I listened to this book on audio, and Jennifer Witsie’s performance was a delight!
— Sci-Fi. Audiobook.

Redshirts, John Scalzi
I laughed so hard I startled the dog. It’s kinda meta and self-indulgent (okay, EXTREMELY meta), but it’s so enjoyably and cleverly executed that I didn’t care. The meta-ness is part of its charm! Also, the glorious fusion of Scalzi’s words and Wil Wheaton’s audiobook performance is proof god loves us and wants us to be happy.
— Sci-Fi/Humor.

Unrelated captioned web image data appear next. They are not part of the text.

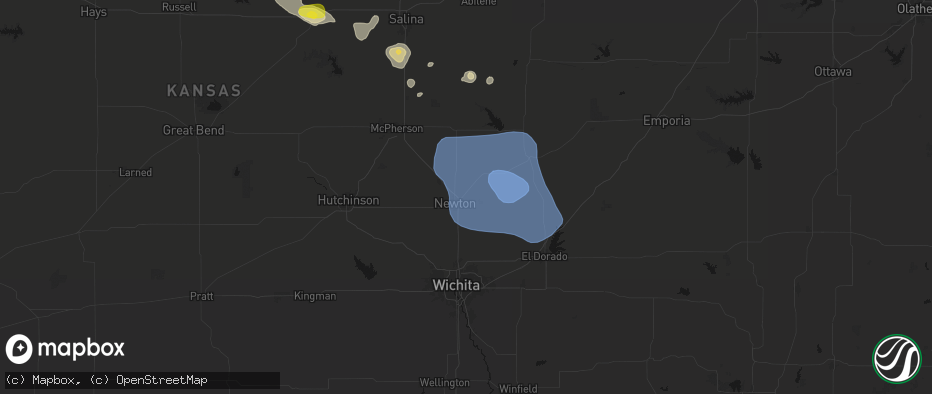 Hail map in Newton, KS on June 19, 2026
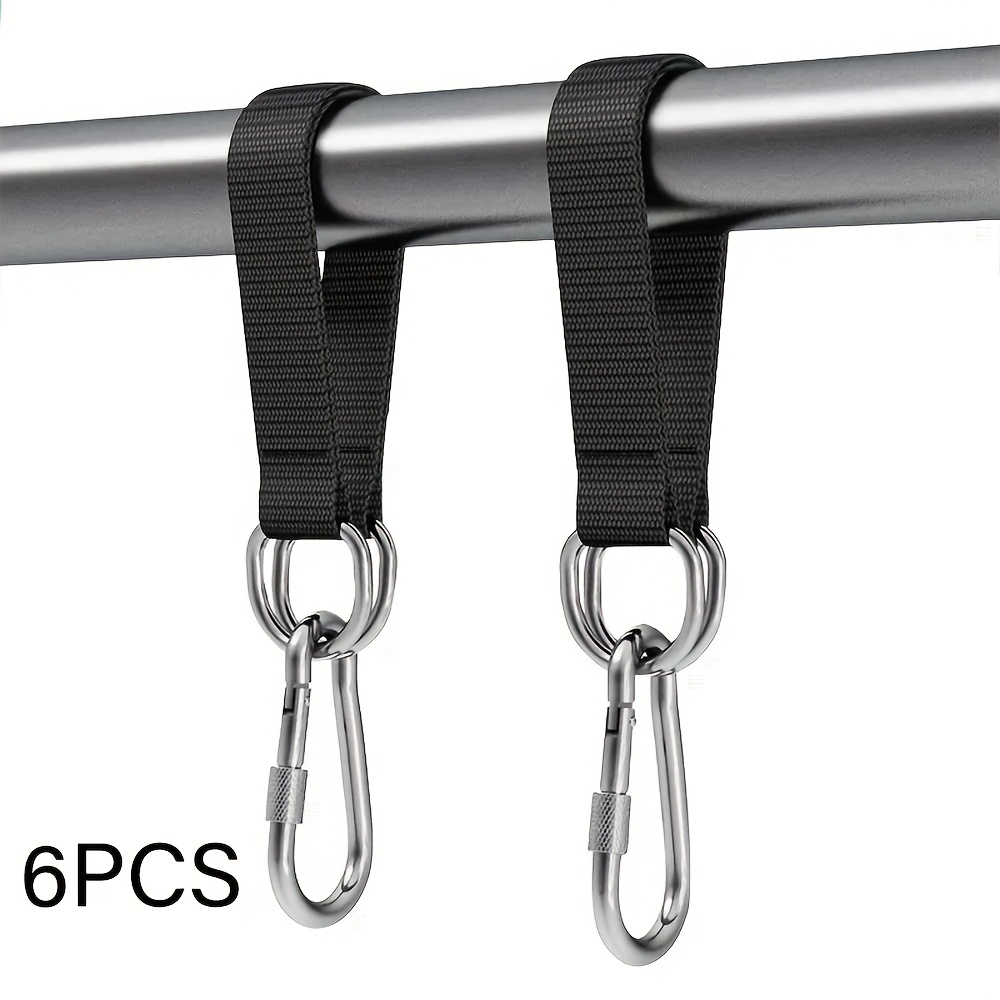 Image of 6pcs Outdoor Swing Strap | Hook And | Multi .45-inch Extension Strap That Attached To Poles | Perfect For Hammocks, Hanging Chairs, Etc. | Weather Resistant Material, Hammock Strap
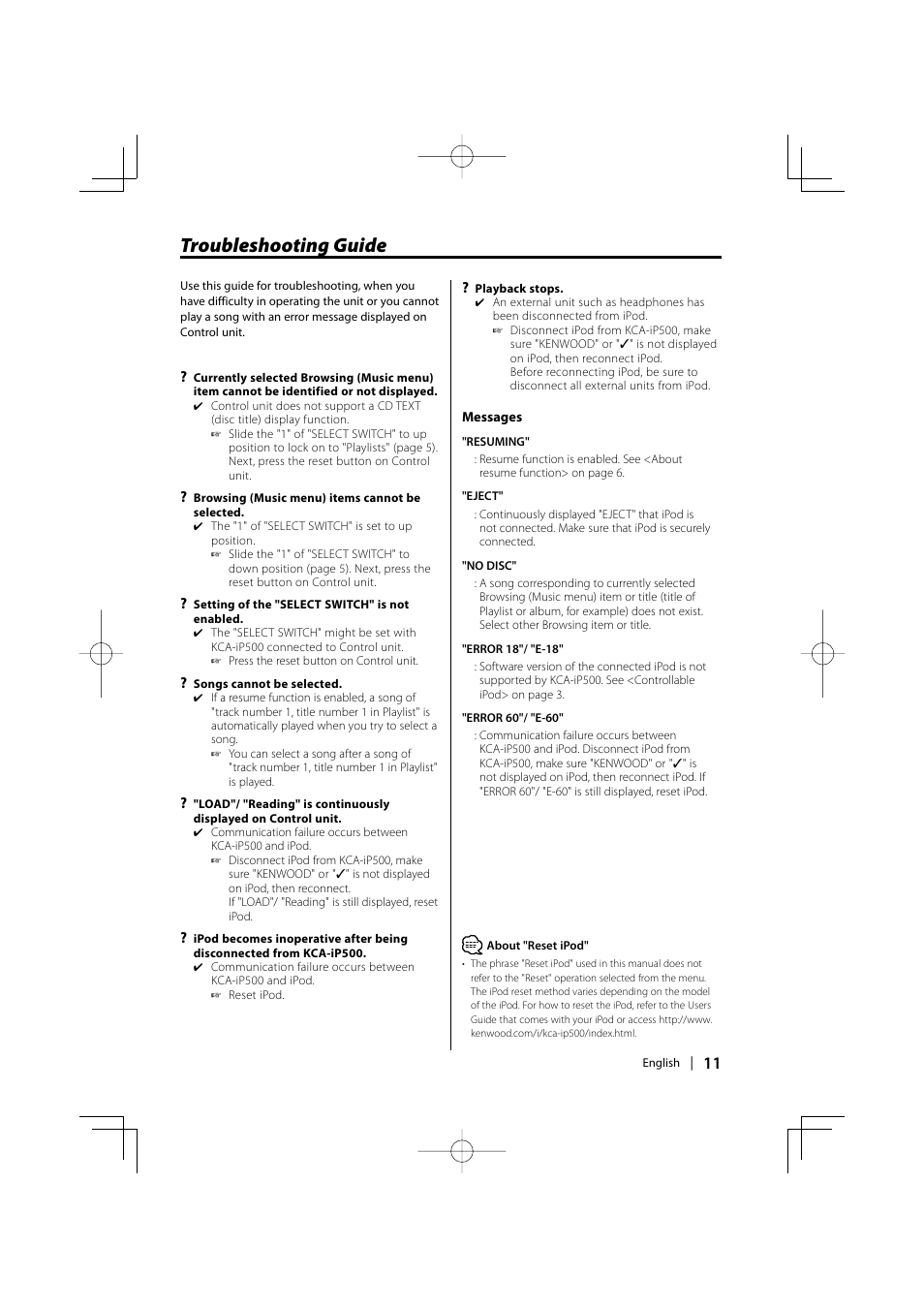 Troubleshooting guide | Kenwood KCA-iP500 User Manual | Page 11 / 84
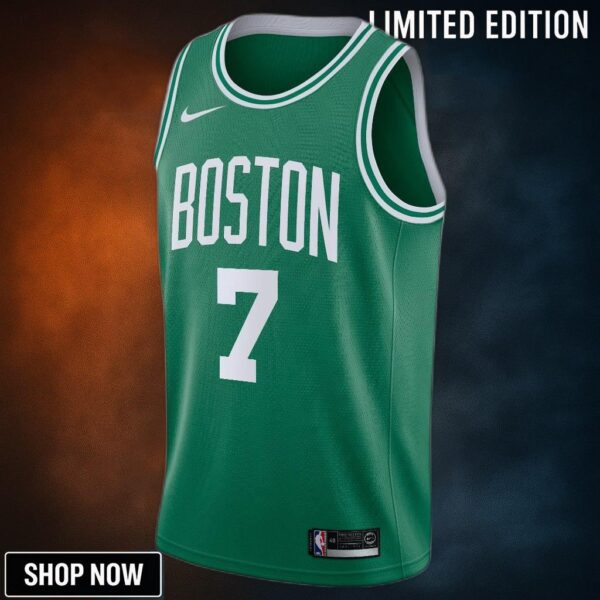 Boston Celtics Nike Icon Edition Nba Finals Patch Swingman Jersey - kelly Green - Jaylen Brown Youth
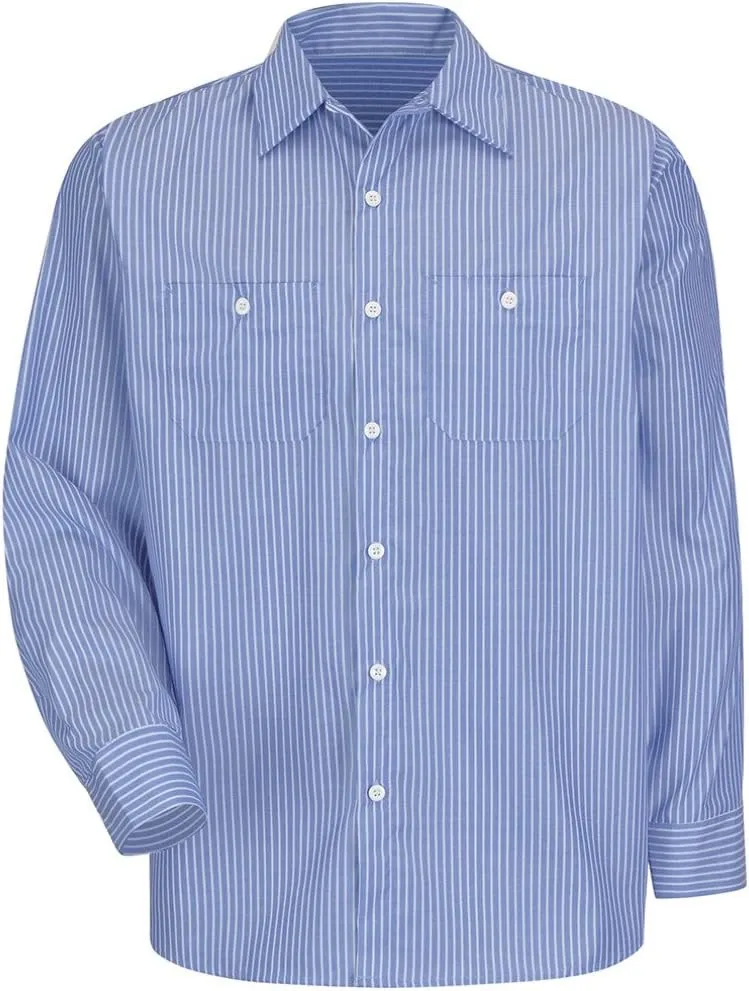 Red Kap Men's Long Sleeve Industrial Stripe Work Shirt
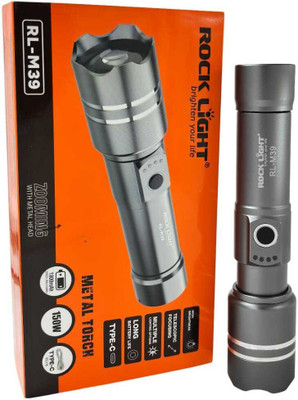 Kay-Joy RL-M39 LED Metal Torch 150W Bright Light with Telescopic Zoom and Power Display Torch(Black, Silver, 16 cm, Rechargeable)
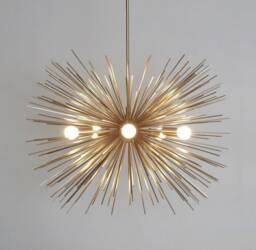 Mid Century Brass Sputnik Chandelier Handmade Starburst Light, 30 - thumbnail 1
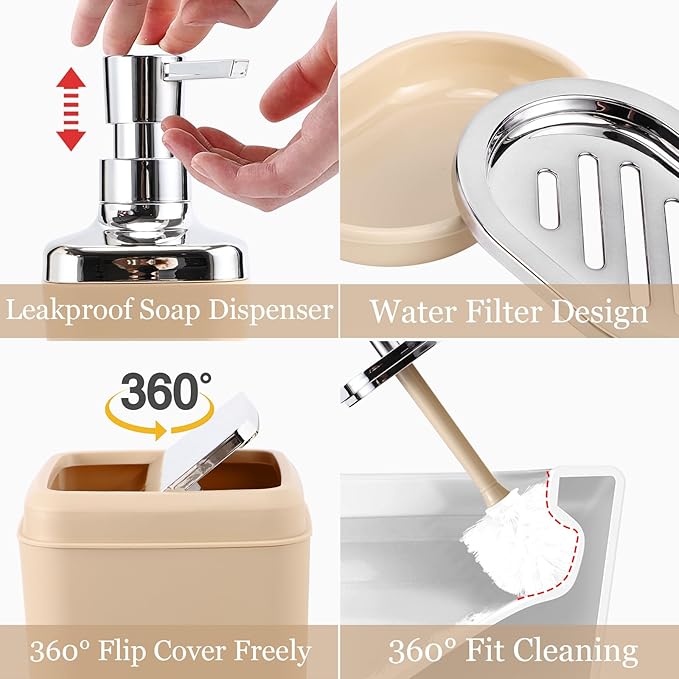 XLHOMO Beige Bathroom Set, Plastic 9-Piece Bathroom Set with Trash Can, Soap Dispenser, Toothbrush Holder, Toothbrush Cup, Soap Dish, Toilet Brush, Tray and Q-tip Holders for Bathroom/Housewarming
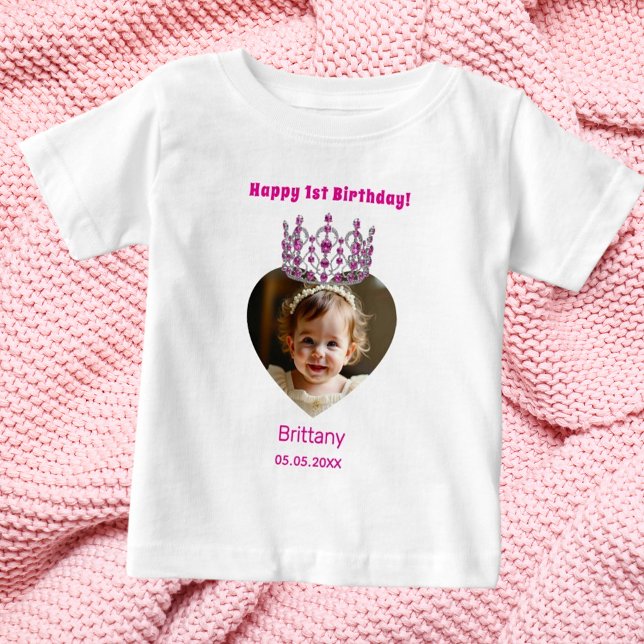 1st Birthday name age photo pink tiara baby girl Baby T-Shirt (Creator Uploaded)
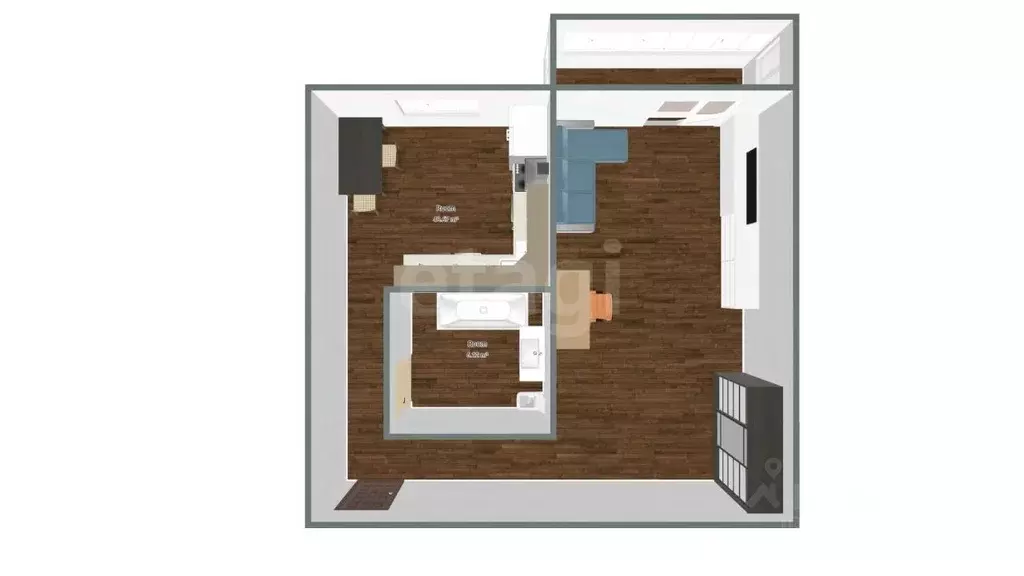 1-к кв. Сахалинская область, Южно-Сахалинск Комсомольская ул., 167А ... - Фото 2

Audiobook.

Blackbirds, Chuck Wendig
With her foul-mouthed, chain-smoking, lurid, deliberately off-putting demeanor, Miriam Black is one of the most unique protagonists in urban fantasy. BLACKBIRDS’ level of obscenity and barbarism go far beyond what many readers expect when they hear the word “gritty,” and I suspect readers will either love this book or hate it. I fell into the former category!

Wendig delivers an original take on a familiar concept: the ability to see the circumstances of others’ deaths, and I recommend it to anyone with a sufficiently strong stomach. Also, the cover is staggeringly beautiful. Props to Joey Hi-Fi!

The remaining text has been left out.